It’s been awhile since I tried anything new from Irish Traditional Cooking by Darina Allen.  I made boxty pancakes before, but I decided to try making pan boxty today.  Unlike the former, pan boxty only utilizes fresh grated potatoes.  I didn’t have any mashed potatoes sitting around.

According to Allen, this dish came about in response to famine and poverty.  By grating and then squeezing the moisture out of the potatoes, our Irish ancestors were able to use potentially rotten spuds that wouldn’t work in other dishes.  Pan boxty is dense, crispy, and filling.

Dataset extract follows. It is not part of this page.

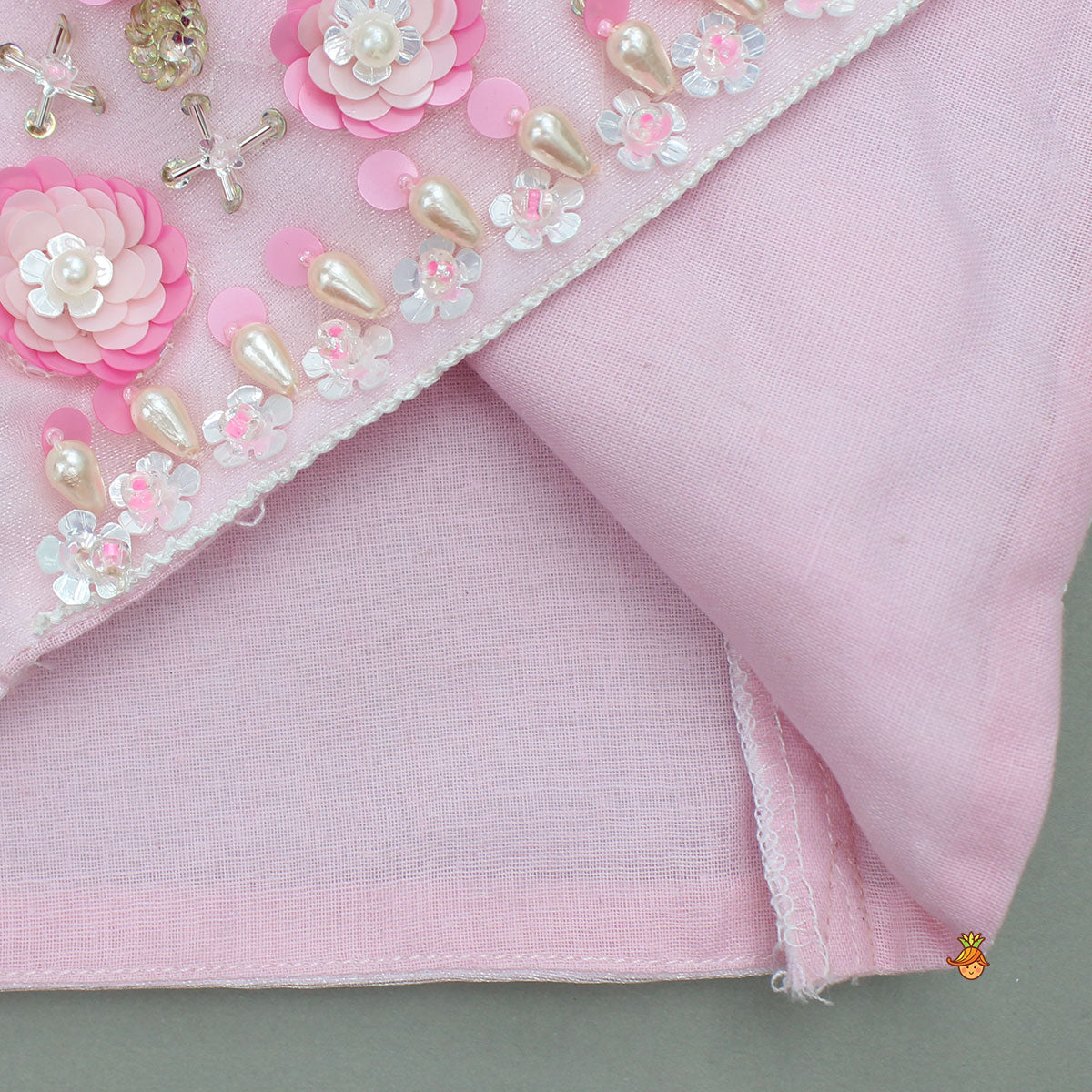 Pre Order: Pretty Pink Strappy Top With Floral Hand Embroidered Jacket And Flared Lehenga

The traditional recipe she shared called for six “medium” potatoes.  I think the recipe was for one boxty that could be quartered…  but I was able to make three!  It didn’t specify what size of cast iron pot one should use, so you have some wiggle room when it comes to portions!  (Heck, in a recipe that calls for a “handful” of flour, you can play around…)

Despite its simplicity, boxty is not a quick meal.  You have to grate the potatoes, squeeze the moisture out, and wait for the starch and water to separate.  Each boxty cake takes about thirty minutes to cook, so if you make more than one with a small pan… be prepared to wait around a lot.

If you have the time and energy, making boxty is worth the effort!  They are very delicious, especially with some ketchup (is my mutt American upbringing showing?). The effort they take will keep us from overindulging in these thick, buttery, crispy, potato treats, but I see myself making them whenever I have more potatoes than I know what to do with!